People gather facing law enforcement after marching through downtown Austin, Texas at the conclusion of the "No Kings Day" demonstration in the US, June 3, 2026.
Buoyed by popular resistance, South Korean parliamentarians impeached their president to prevent him from grabbing power through martial law. Grassroots aid efforts by Sudan’s emergency response rooms, Hong Kong’s fire relief, Sri Lanka’s cyclone relief community kitchens, and Ukrainian mutual aid and solidarity collectives represent the best of this trend.
In 2025, Gen Z protests against corruption, inadequate public services, and poor governance in Nepal, Indonesia, and Morocco brought to the forefront the need for governments to listen to their youth and tackle corruption and inequality.

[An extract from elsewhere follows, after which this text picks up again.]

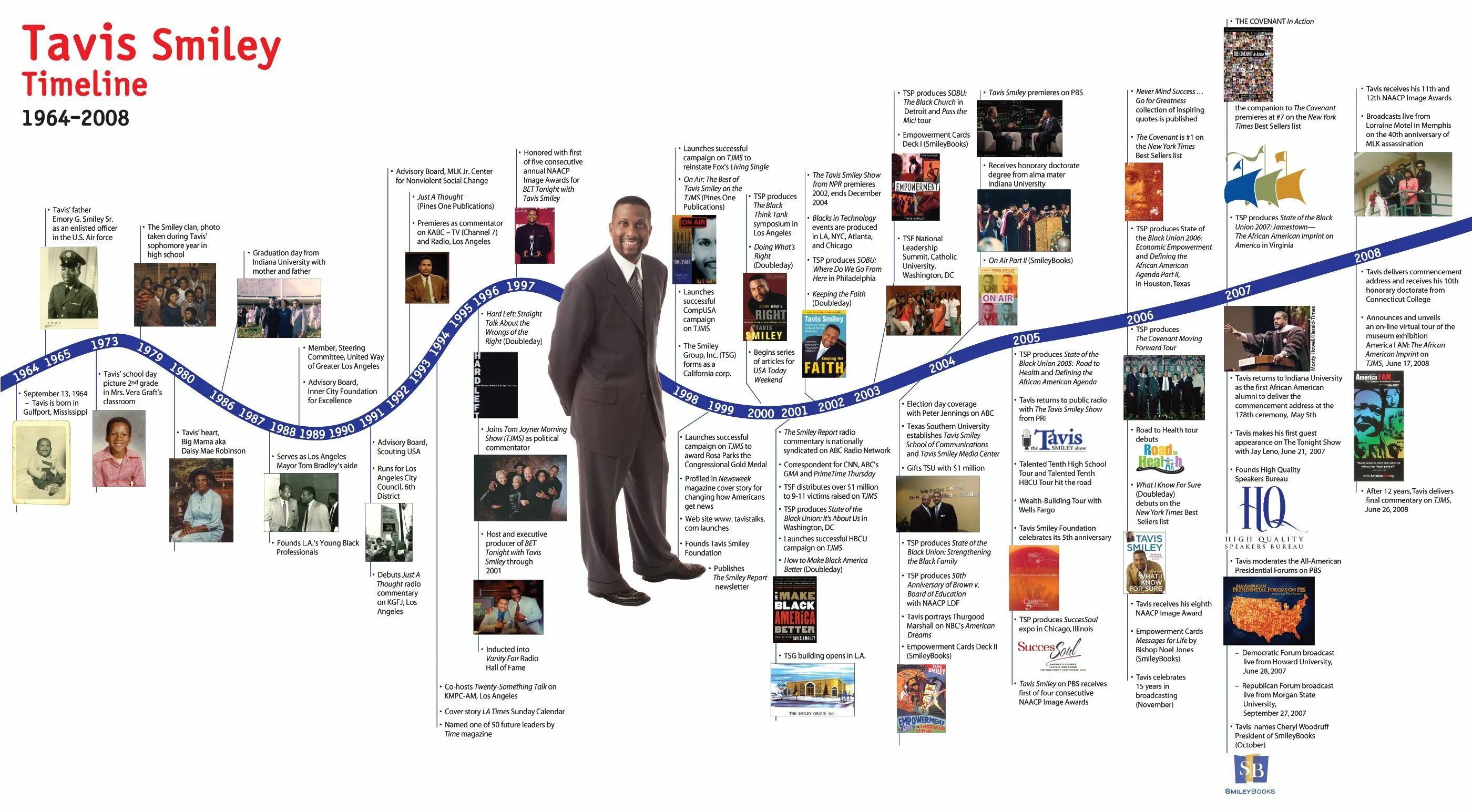 Series of articles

But as the difficulties of restoring rights in Bangladesh after years under an authoritarian government illustrates, gains won through public mobilization can easily be lost unless democratic participation and free expression remain unassailable.

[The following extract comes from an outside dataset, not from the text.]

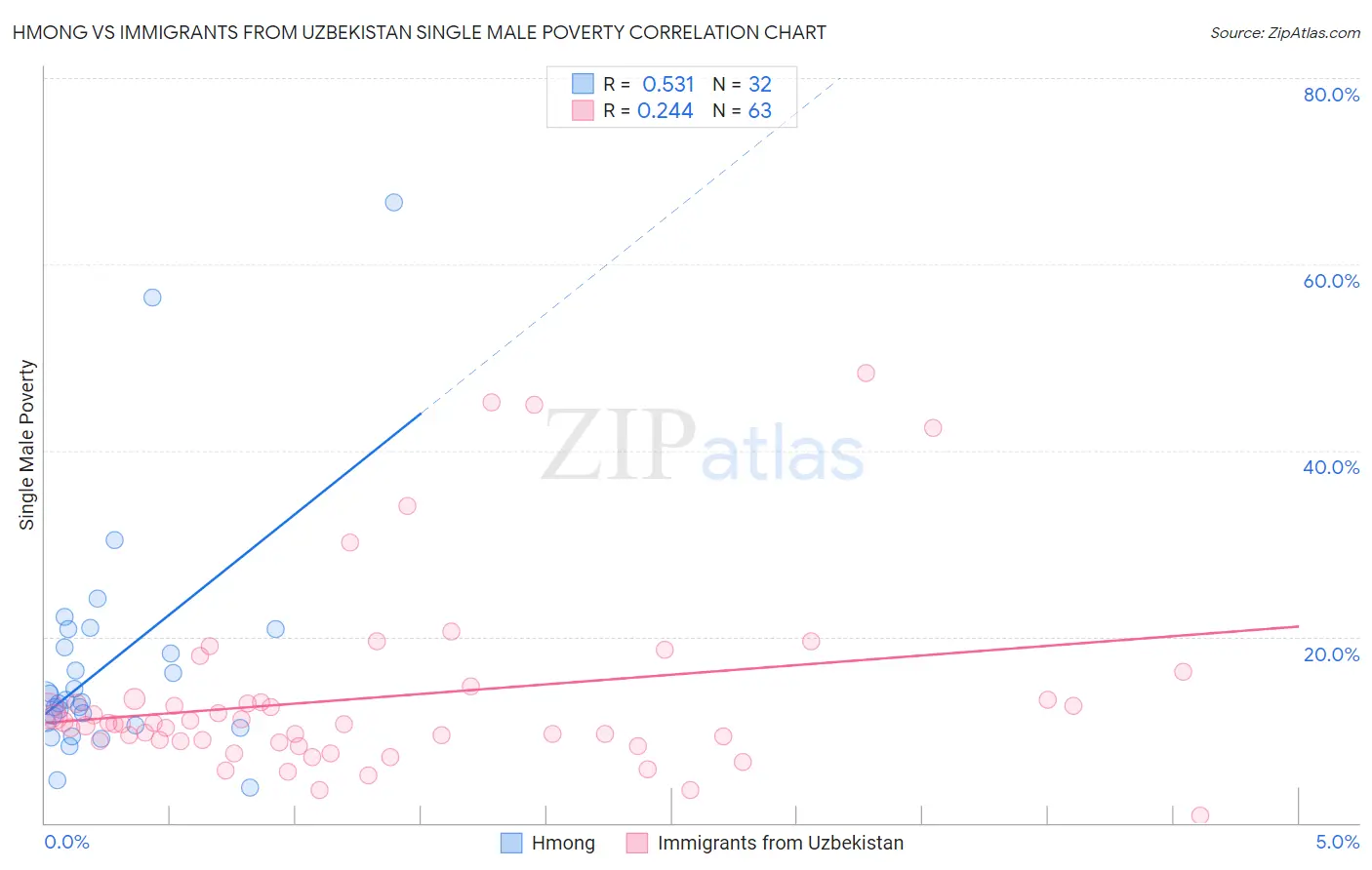 Hmong vs Immigrants from Uzbekistan Single Male Poverty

People take part in a youth-led protest against corruption and calling for education and healthcare reforms, in Rabat, Morocco, June 3, 2026.
Demonstrators outside Nepal's Parliament during a protest in Kathmandu condemning social media prohibitions and corruption by the government, June 3, 2026.
In this more hostile world, civil society is more critical than ever. It’s also increasingly endangered, particularly in an environment where funding is scarce. In 2025, Human Rights Watch was labeled “undesirable” and banned from operating in Russia. For partners in Egypt, Hong Kong, and India, these tactics are all too familiar. Restrictions on civil society and protest have become more commonplace in Europe, including the UK and France. And now, for the first time, many worry about risks associated with their operational presence in the US, where the Open Society Foundations, a major donor, have already been threatened, and the administration is preparing a list of “domestic terrorists” under overbroad guidance that could be interpreted to include the work of many progressive groups.
Breaking the authoritarian wave and standing up for human rights is a generational challenge. In 2026, it will play out most acutely in the US, with far-reaching consequences for the rest of the world. Fighting back will require a determined, strategic, and coordinated reaction from voters, civil society, multilateral institutions, and rights-respecting governments around the globe.
연구 및 암웨이 글로벌 기업가정신 보고서에 따르면 직업에 대한 사람들의., Human Rights Watch’s 36th annual review of human rights practices and trends around the globe, reviews developments in more than 100 countries.